- WHAT NEEDS TO BE DONE -
Print the whole listing below exactly as given, pictures excluded.
*** Block opens ***
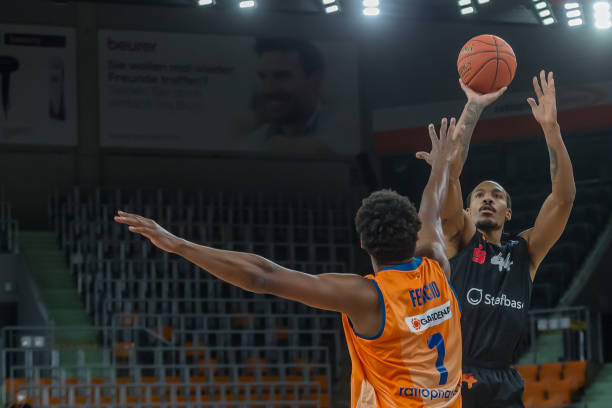 更是战术配 更是战术配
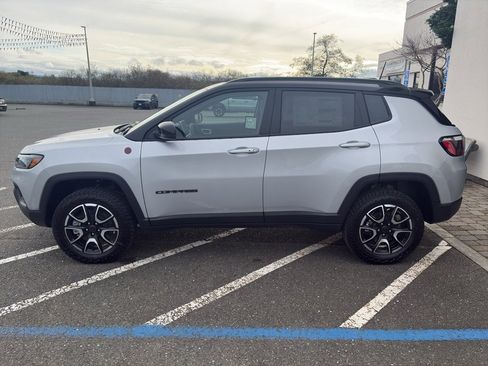 New 2026 Jeep Compass Trailhawk image 5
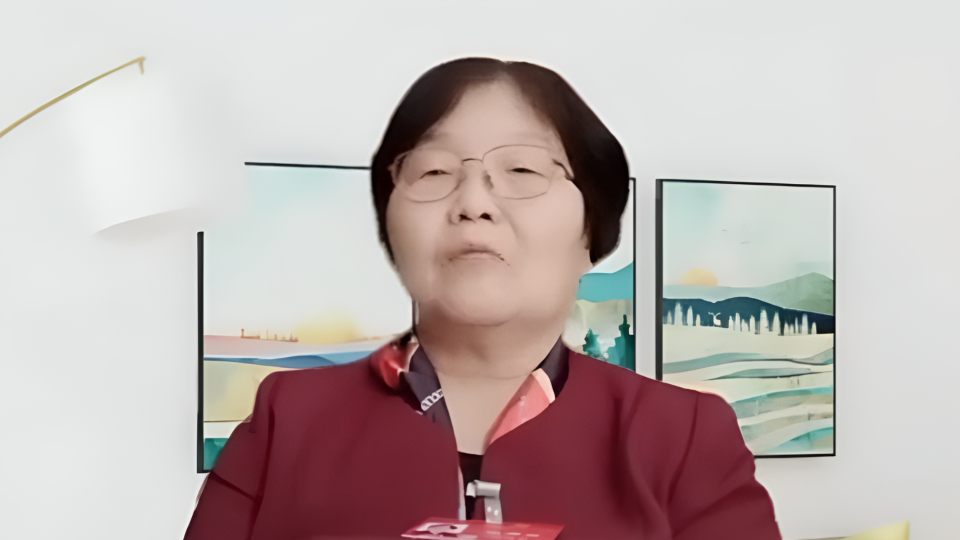 赵冬苓代表:建议企业和国家共同承担女职工生育成本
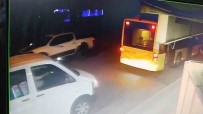 Atasehir'de Seyir Halindeki Otomobile Çarpip Kaçan Araç Kamerada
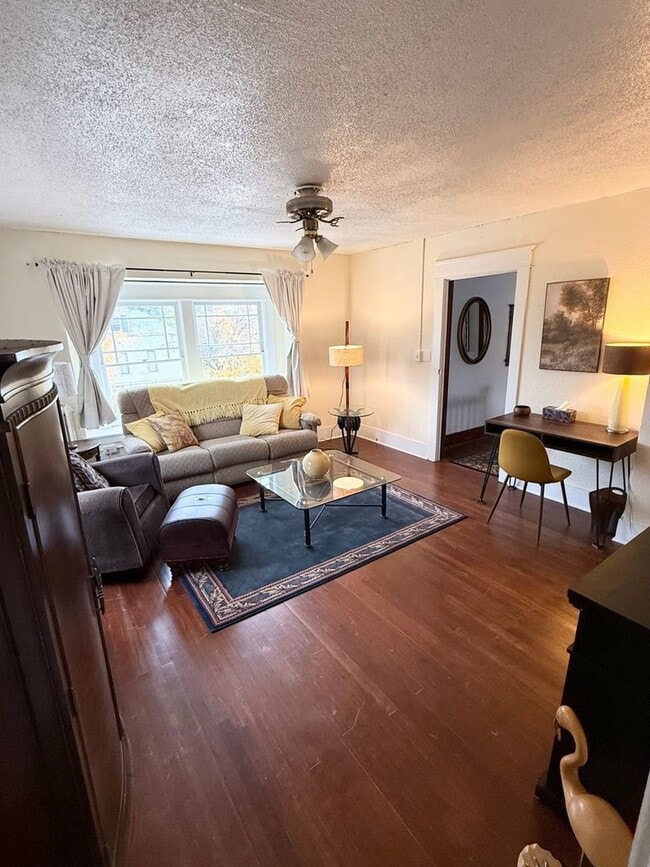 Building Photo - 3004 N Lincoln St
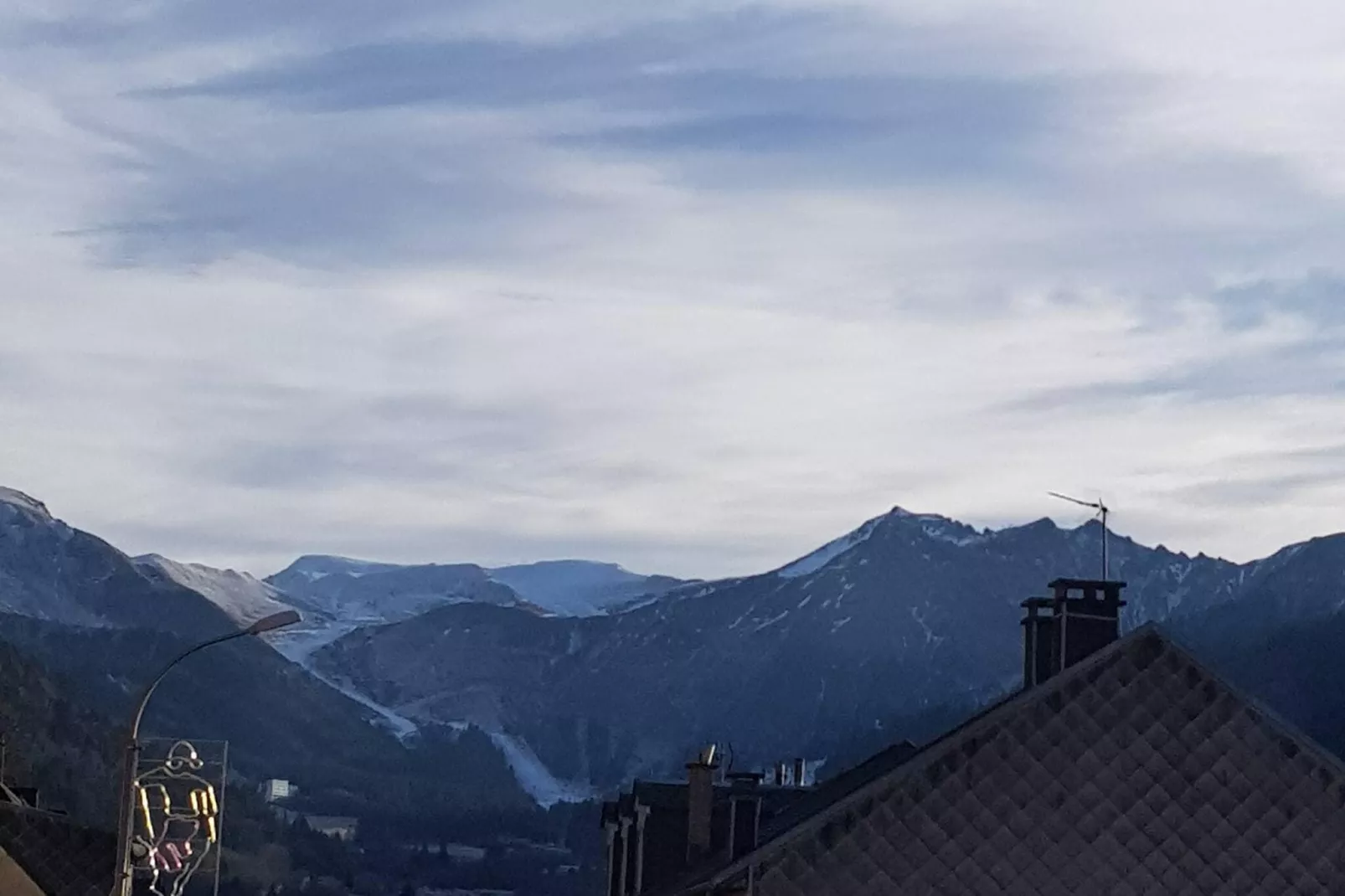 Le Buisson - 4pers Mont Dore Centre - View in summer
*** Block closes ***
- RESULT BELOW -
 更是战术配 更是战术配
 New 2026 Jeep Compass Trailhawk image 5
 赵冬苓代表:建议企业和国家共同承担女职工生育成本
 Atasehir'de Seyir Halindeki Otomobile Çarpip Kaçan Araç Kamerada
 Building Photo - 3004 N Lincoln St
 Le Buisson - 4pers Mont Dore Centre - View in summer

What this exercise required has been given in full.